My affair with nature continued to the town of Pucón in Chile. There is a massive, active volcano that stands watch over the town, with a daily siren test and evacuation signs to remind you of this. And I have great news…you can climb it!

Volcán Villarica
Volcán Villarica

It was a strenuous intense day, starting with a gorgeous, pink-dominated sunrise over neighboring volcanoes. We skipped the ski lift that the rest of our group took up the first third of the peak. I’ve never been a morning work-out person, and this portion did not change my mind. Our guide pushed us to catch up with the group and we did just on time to put on crampons and take out our ice axes…which does make you feel rather hard core! We were racing the impending weather and rushed to the top where we were met by 40mph winds. Clouds whipped by us as if we were in a live time-lapse video…blue skies one second, total whiteout the next. The views were ridiculous…snow-capped volcanoes in every direction, a mysterious mist, the crater itself of Volcán Villarica. The next day we rewarded our bodies with a 4 hour soak in natural hot springs, total bliss!

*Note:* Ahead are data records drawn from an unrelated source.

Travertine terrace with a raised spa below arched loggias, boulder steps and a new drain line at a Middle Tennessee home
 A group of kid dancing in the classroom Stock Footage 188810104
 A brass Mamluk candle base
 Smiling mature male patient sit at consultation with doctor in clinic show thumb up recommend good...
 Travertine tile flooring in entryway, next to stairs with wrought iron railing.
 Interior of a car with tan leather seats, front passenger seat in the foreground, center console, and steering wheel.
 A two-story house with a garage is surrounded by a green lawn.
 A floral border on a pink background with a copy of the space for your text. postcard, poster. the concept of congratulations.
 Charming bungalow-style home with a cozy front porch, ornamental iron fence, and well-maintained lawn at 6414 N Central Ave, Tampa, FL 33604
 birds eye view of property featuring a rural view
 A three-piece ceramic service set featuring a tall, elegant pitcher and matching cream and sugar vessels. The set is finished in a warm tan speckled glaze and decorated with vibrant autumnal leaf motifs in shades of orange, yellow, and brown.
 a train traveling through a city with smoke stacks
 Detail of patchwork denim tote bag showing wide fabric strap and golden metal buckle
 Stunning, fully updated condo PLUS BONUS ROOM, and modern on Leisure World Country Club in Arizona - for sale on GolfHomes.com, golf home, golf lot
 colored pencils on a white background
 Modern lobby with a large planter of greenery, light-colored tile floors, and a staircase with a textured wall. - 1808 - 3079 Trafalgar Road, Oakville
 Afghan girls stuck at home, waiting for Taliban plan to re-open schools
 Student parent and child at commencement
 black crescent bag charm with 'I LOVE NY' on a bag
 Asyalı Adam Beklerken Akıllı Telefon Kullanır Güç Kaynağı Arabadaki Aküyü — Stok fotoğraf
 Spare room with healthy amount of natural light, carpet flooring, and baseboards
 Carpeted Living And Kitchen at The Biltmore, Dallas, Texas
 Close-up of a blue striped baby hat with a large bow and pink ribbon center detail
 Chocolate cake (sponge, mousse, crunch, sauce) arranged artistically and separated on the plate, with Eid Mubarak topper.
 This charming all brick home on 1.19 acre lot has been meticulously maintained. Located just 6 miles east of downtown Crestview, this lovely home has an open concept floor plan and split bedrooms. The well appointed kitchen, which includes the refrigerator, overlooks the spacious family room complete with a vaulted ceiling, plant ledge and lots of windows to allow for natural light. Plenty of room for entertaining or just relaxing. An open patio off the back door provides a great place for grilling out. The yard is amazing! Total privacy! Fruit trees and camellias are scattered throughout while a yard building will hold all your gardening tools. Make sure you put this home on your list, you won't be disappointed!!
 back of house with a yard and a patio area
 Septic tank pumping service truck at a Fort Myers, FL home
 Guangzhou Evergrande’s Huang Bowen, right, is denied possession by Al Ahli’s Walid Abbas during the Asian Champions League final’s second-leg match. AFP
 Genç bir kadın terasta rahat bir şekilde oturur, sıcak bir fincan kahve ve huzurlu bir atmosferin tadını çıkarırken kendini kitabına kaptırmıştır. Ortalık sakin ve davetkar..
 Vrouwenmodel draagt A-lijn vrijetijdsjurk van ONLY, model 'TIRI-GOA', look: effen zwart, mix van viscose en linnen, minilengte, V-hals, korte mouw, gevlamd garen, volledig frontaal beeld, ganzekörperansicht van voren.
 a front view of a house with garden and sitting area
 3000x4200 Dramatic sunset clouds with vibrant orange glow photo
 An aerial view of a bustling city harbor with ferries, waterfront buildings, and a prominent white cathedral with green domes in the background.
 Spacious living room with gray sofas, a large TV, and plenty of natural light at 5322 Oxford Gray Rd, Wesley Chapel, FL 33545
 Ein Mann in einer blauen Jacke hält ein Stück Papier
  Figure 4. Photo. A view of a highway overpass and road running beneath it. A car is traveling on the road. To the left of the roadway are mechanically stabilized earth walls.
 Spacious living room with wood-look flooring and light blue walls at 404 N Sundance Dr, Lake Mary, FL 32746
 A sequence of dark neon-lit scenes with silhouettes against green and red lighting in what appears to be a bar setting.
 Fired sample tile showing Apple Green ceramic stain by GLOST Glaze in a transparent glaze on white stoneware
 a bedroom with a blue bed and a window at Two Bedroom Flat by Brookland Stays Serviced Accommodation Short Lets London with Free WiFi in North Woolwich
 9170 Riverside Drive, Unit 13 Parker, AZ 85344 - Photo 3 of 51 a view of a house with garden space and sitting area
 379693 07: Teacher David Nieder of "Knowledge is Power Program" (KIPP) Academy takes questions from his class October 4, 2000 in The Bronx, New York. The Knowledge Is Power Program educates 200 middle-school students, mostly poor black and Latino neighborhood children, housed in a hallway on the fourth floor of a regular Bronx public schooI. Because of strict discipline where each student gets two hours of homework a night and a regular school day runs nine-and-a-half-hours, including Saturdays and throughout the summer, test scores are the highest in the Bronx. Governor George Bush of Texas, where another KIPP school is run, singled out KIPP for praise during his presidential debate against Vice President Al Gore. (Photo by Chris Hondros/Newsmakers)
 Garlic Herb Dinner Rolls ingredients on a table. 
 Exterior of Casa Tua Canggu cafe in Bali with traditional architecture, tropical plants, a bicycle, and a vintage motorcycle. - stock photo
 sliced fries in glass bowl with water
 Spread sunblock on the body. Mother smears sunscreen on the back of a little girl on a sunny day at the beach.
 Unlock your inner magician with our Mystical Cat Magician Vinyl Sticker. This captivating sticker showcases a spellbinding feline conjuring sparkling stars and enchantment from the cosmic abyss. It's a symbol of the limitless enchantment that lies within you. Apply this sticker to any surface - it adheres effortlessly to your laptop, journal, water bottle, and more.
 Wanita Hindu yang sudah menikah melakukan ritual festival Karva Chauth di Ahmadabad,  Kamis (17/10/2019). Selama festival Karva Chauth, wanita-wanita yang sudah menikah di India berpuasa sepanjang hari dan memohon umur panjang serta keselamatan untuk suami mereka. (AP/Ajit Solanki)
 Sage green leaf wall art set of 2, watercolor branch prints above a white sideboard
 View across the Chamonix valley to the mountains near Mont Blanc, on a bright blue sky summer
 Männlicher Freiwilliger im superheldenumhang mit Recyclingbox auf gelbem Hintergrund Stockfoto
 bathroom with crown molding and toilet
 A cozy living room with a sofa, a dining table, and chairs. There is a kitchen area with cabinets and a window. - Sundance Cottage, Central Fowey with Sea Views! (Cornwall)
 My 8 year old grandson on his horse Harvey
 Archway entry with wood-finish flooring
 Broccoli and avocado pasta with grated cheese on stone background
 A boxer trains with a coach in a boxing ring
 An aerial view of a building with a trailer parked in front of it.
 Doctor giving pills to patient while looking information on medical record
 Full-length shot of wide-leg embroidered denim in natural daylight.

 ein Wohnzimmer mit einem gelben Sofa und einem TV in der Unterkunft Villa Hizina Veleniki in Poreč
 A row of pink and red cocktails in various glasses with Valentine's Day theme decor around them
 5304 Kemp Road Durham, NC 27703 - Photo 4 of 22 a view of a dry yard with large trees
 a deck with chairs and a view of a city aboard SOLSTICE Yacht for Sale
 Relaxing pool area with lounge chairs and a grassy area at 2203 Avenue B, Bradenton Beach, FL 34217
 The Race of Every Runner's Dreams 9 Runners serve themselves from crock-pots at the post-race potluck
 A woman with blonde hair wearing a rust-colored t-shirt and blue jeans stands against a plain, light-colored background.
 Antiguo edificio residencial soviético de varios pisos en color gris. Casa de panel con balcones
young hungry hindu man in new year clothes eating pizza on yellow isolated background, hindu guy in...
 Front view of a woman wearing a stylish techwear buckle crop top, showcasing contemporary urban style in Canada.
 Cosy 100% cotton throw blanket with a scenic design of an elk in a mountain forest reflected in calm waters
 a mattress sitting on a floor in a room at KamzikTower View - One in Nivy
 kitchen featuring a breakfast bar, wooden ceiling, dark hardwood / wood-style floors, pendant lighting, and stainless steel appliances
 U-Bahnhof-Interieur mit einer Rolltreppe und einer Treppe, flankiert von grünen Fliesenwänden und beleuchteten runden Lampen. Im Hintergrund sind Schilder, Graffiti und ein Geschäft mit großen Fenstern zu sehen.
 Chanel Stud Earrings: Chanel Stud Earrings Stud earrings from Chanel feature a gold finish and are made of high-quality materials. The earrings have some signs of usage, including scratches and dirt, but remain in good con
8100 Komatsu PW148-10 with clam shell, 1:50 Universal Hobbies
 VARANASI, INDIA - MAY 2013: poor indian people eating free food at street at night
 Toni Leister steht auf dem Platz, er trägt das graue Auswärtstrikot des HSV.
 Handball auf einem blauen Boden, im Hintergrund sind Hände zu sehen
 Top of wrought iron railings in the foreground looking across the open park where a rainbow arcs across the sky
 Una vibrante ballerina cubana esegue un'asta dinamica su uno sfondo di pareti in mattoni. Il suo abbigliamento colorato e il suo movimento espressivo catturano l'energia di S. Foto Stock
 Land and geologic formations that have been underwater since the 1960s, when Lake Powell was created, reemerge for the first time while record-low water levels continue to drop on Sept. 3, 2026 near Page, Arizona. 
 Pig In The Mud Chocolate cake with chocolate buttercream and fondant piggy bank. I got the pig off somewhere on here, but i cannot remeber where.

The towns continued to impress as well. I ate my weight in chocolate in Bariloche, we sat with wine and chocolate all night watching live bands play at the Chocolate Festival for Easter (Pascua), and we accidentally stumbled upon ‘tango night’ at a local bar in San Martín. I sat grinning at the amazing talent of 5 or 6 local couples who sauntered around the dance floor doing the tango in all its sexiness.

Finishing touches on the world's largest chocolate egg for the Bariloche chocolate festival
Finishing touches on the world’s largest chocolate egg for the Bariloche chocolate festival
Bariloche at sunset
Bariloche at sunset
pope mania
pope mania
choripan at the festival
choripan at the festival

I had no idea I would spend so much time in the lake district, and it was hard to leave. 30+ hours of bus rides up north and across the Andes landed me back in Argentina in the warm, sunny Mendoza. If you need me I will be at one of the nearby wineries…might be hard to find me though, I hear there’s over 1,000!

9 thoughts on “My Affair with Nature

  1. Absolutely amazing sites! I like the refugio retemal. Looks like you should sleep on sheepskin instead of a mattress. How tall is the volcano? You bring them all to life in your story and photos. I’m up for biking as long as it’s flat.

  2. Awesome!! I love to hear about where you went. What does being in love with the wild feel like? So hard to describe. When was your heart pounding? What made you laugh? What made you cry? How cold was the water? Just curious. love, Mom JoAnne McElroy

  3. Erin,
    Breathtaking, and we’re all living vicariously through you! Thanks for sharing through your beautiful pictures and words.

  4. I love following you on your journey. Not only are you a wonderful writer but an accomplished photographer as well. All humanity should have the opportunity to see what you are seeing.